La Syrie, une défense aérienne parmi les meilleures au monde
Les experts de l'ONU partis, Damas s'attend à une frappe occidentale à tout moment. Et le pays a de quoi se défendre.
Publié le 31-08-2013 à 05h42 - Mis à jour le 01-09-2013 à 22h48
Jeudi, le président syrien Bachar al-Assad a prévenu que son armée se défendrait contre toute attaque occidentale. "Nous avons des moyens de défense qui vont surprendre", a même ajouté le ministre des Affaires étrangères Walid Mouallem. Coup de bluff ou avertissement sincère ? Une intervention des Etats-Unis et de ses alliés, même très ciblée, ferait-elle en outre courir le risque d’une riposte ?
A ce stade, l’on ne peut que spéculer mais une chose est sûre : la Syrie dispose de capacités militaires importantes. Bien plus que la Libye par exemple, contre laquelle une force internationale était intervenue en 2011.
Pour Joseph Henrotin, rédacteur en chef de la revue "Défense & sécurité internationale" et chargé de recherche à l’Institut de stratégie et des conflits de Paris, la défense navale syrienne ne posera pas de difficultés majeures. "Le 5 juillet, un raid israélien a détruit la majorité des missiles antinavires syriens. Cela signifie que les bateaux d’une éventuelle coalition internationale sont en mesure de s’approcher sans dommage des côtes." Depuis la mer, cette coalition pourrait aisément envoyer des missiles à l’intérieur du pays.
La capacité de défense aérienne du régime Assad, en revanche, est susceptible de compliquer sérieusement d’éventuelles opérations par avion. Il y a d’abord l’armée de l’air. "Selon les estimations, entre 100 et 150 appareils seraient aptes à effectuer des missions aériennes." Mais il y a aussi, et surtout, la défense aérienne proprement dite, qui constitue une branche spécifique des forces armées syriennes. L’une des meilleures au monde aux yeux de nombreux analystes, dont Joseph Henrotin. Elle est richement pourvue en missiles sol-air, de longue portée comme les SA-5, ou de plus courte portée. D’après les Israéliens - "la vision la plus pessimiste", précise l’expert militaire - les Syriens disposeraient de 25 brigades et de 150 batteries de missiles. De quoi provoquer de nombreuses pertes dans les rangs occidentaux.

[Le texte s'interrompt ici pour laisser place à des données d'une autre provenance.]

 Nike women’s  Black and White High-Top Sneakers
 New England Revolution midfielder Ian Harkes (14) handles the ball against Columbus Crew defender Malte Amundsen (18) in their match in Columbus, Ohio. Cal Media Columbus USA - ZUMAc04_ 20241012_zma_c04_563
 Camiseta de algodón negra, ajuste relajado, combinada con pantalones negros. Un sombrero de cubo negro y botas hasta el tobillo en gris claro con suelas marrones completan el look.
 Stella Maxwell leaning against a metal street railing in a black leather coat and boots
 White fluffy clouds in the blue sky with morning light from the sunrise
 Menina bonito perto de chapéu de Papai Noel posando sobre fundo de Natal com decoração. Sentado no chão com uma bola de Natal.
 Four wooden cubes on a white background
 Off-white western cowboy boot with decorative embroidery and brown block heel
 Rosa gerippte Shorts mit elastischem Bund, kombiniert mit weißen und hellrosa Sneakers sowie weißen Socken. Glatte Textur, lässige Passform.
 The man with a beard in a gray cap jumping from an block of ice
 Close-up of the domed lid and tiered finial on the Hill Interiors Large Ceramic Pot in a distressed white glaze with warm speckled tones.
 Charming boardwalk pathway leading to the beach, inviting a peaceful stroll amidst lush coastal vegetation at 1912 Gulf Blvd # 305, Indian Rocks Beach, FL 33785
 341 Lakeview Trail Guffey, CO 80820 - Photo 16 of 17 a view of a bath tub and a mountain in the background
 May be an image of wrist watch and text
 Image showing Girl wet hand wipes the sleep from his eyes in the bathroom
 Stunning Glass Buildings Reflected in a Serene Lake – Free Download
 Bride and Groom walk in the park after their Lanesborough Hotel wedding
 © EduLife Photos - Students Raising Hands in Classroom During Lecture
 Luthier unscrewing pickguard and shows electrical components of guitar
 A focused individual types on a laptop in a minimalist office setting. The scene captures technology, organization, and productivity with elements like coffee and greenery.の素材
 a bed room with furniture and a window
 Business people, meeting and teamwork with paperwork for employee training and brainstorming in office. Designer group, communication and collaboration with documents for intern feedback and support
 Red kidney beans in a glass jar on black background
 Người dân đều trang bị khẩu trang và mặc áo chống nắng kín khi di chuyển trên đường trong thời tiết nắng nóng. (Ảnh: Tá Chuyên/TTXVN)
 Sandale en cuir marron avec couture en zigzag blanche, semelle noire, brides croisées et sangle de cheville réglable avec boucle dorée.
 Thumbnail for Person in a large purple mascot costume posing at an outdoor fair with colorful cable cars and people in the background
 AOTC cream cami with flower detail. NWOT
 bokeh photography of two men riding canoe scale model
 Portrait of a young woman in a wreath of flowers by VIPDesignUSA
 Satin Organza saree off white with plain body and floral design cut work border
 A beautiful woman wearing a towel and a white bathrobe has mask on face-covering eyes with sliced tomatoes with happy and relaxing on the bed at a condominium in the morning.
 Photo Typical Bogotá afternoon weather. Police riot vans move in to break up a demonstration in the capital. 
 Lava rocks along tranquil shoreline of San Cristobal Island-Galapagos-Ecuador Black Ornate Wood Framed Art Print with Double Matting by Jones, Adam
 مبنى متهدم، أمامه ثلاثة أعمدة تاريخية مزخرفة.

Aux missiles susmentionnés, il faut encore ajouter les S-300 promis à Damas par les Russes. On ignore cependant s’ils ont été livrés et, quoi qu’il en soit, "les Syriens ont besoin d’un an pour apprendre à les utiliser ". Au demeurant, bien qu’impressionnante sur le papier, la défense aérienne syrienne n’a pas encore fait ses preuves en pratique. "Des batteries ont pu tomber aux mains des insurgés et d’autres être utilisées pour combattre. Et puis, ce n’est pas tout d’avoir le matériel, il faut savoir s’en servir", nuance Joseph Henrotin.
Escalade de la violence ?
Victime d’une attaque occidentale, la Syrie pourrait non seulement essayer de se défendre, mais aussi répliquer. Au Liban, singulièrement. Damas a la possibilité d’y agir à la fois via ses alliés du Hezbollah et de façon autonome. Le spécialiste en stratégie militaire envisage, par exemple, qu’il s’en prenne aux troupes de l’Onu déployées au Sud-Liban.
Et à ses voisins israéliens ? "Ce serait suicidaire", répond-il. Mais on peut imaginer que le régime Assad tente le tout pour le tout. Il s’exposerait aux ripostes israéliennes afin de rallier le monde arabe autour de lui. Un calcul extrêmement aventureux, c’est peu de le dire.
Autre hypothèse identifiée par Joseph Henrotin : que Damas demande aux Iraniens de bloquer le détroit d’Ormuz, un lieu stratégique où transitent d’énormes quantités de pétrole. L’Iran serait toutefois insensé de s’attirer ainsi la colère des grandes puissances mondiales.
Enfin, le chercheur n’exclut pas totalement que l’armée syrienne se serve de ses missiles sol-sol Scud pour attaquer Chypre, où se trouve une base britannique. "Mais c’est limite de portée, en sachant que plus un missile Scud va loin, moins il est précis. Donc il y a un grand risque qu’il fasse plouf."
Bref, tout dépend du degré d’acceptation du risque de Bachar al-Assad. S’il ne se sent pas capable de mener la guerre sur deux fronts, il jouera probablement profil bas. Le Président syrien devra en tout état de cause minutieusement peser ses intérêts politiques.